2.4.5. Fourier transform infrared spectroscopy (FTIR)

The FTIR spectrometry (FTIR Q410 Alpha, St. Petersburg) was used to determine the connections of whey protein and sunflower nonemulsion in the films. FTIR of the film sample was to identify the functional group present in the range 4000–400 cm⁻¹ wavelength.

2.4.6. Field‐emission scanning electron microscopy (FE‐SEM)

Field‐emission scanning electron microscopy determines the external microstructure and morphology of film samples of 5 × 5 mm². The dried film was placed into liquid nitrogen to remove any moisture content and then ruptured. Then, the ruptured film was snorted with gold using an ion sputter. Finally, a sample kept the FE‐SEM (Jeol JSM‐7001F, Moscow) slot with imaging at 20 kV.

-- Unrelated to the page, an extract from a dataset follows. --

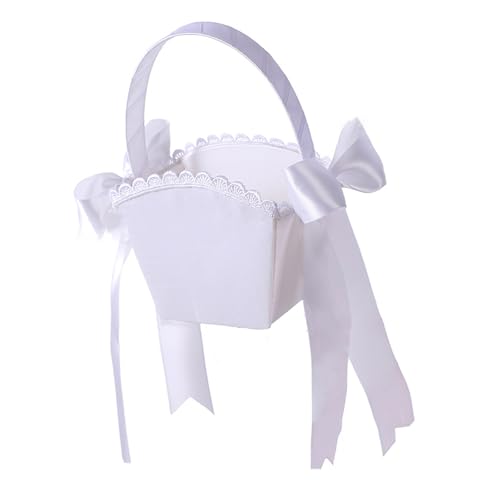 Dekorative Hochzeitskorb Weiße Blumenhalter Kompakte Größe Für Blumenmädchen Prozessional Elegante Hochzeitszeremonie Dekore Dekorative Hochzeitskorb Weiße Blumenhalter Kompakte Größe Für Blumenmädchen Prozessional Elegante Hochzeitszeremonie Dekore von XINGLIDA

2.4.7. X‐Ray Diffraction (XRD) measurements

The X‐ray diffraction (Rigaku Ultima IV, China) patterns were analyzed by diffractometer using a Cu tube operated at 40 kV and 30 mA. Operating parameter kept at step size 0.02° 2θ with scan time 0.5 S/step with diffraction ranging from 4 to 70 2θ.

2.4.8. Antioxidant activity

The antioxidant activity of whey protein‐based films was analyzed based on the principle of scavenging the stable DPPH. The method described by Salvia‐Trujillo et al., ²⁰¹⁵ shows that 0.1g of film sample was deposited in a flask containing 2ml of ethanol and vortex for 2 min and centrifuged for 30 min at 4293 g. 0.5 ml of the upper solution was collected and added to 2ml of methanol DPPH solution and 1 ml of ethanol. The mixture was mixed by vortex and keeping at a dark place for 30 min with ambient temperature. The controls were prepared with the same procedure but without film. Using a UV‐spectrophotometer (Shimadzu UV‐2700, Japan), the sample at 517‐wavelength absorbance was measured against the blank sample.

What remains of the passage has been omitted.